Slate, Alexander Sammon, 30 Jan 2025: Trump’s Plane Crash Press Conference Was Unbelievably Vile, Even for Him
On Wednesday night, an American Airlines regional jet collided with an Army Black Hawk helicopter over D.C., en route to DCA airport. More than 60 people are feared dead in the crash, including passengers, crew, and service members aboard the helicopter, which would make it the deadliest aviation disaster in the United States in a quarter century.
It marks the first major crisis of the nascent Trump presidency, and one with particularly bad optics for the president. In his war with the administrative state and in his determination to gore federal spending, Trump had already fired the heads of the Transportation Security Administration and the Coast Guard and gutted a key aviation safety advisory committee, all just 10 days before the crash. As the Daily Beast reported, Federal Aviation Administration head Michael Whitaker stepped down on Jan. 20, after Elon Musk, the spear tip of Trump’s “cost cutting” spree, demanded that he quit.

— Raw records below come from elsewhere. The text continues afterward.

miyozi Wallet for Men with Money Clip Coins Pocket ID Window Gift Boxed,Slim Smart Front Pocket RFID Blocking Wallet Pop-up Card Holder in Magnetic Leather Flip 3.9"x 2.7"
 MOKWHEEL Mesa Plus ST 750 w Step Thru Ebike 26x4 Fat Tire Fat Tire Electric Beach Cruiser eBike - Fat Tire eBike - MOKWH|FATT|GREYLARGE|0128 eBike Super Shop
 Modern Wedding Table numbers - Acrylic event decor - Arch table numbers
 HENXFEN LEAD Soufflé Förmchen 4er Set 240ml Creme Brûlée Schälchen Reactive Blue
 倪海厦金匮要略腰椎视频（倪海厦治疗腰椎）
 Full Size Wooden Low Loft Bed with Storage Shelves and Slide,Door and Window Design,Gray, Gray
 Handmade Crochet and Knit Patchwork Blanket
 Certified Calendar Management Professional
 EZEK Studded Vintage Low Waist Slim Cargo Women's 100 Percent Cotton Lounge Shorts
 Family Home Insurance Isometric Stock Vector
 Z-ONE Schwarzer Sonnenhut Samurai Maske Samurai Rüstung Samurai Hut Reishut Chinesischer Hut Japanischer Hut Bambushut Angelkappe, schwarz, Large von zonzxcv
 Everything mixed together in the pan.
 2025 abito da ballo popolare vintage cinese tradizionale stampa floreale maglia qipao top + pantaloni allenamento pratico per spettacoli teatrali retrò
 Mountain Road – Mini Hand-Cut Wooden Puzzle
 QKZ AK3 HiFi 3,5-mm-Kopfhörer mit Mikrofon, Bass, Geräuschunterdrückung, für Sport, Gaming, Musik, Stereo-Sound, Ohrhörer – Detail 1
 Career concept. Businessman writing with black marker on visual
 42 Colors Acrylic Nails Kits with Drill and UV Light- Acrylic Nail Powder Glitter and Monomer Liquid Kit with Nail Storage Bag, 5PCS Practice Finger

These last items immediately suggest a counter-narrative. The head of the FAA resigned/was fired at Musk’s behest; staffing was low; there was one guy doing two jobs when the crash occurred. Continuing:
Not surprisingly, Trump entered Thursday’s presser, his first public comments on the crash, raring to blame it on his enemies, real and imagined. Getting out in front of those facts, Trump called for a moment of silence, and then immediately began to assail Democrats, before essentially concluding that diverse hiring initiatives (“DEI”) were the real culprit to blame for this tragedy.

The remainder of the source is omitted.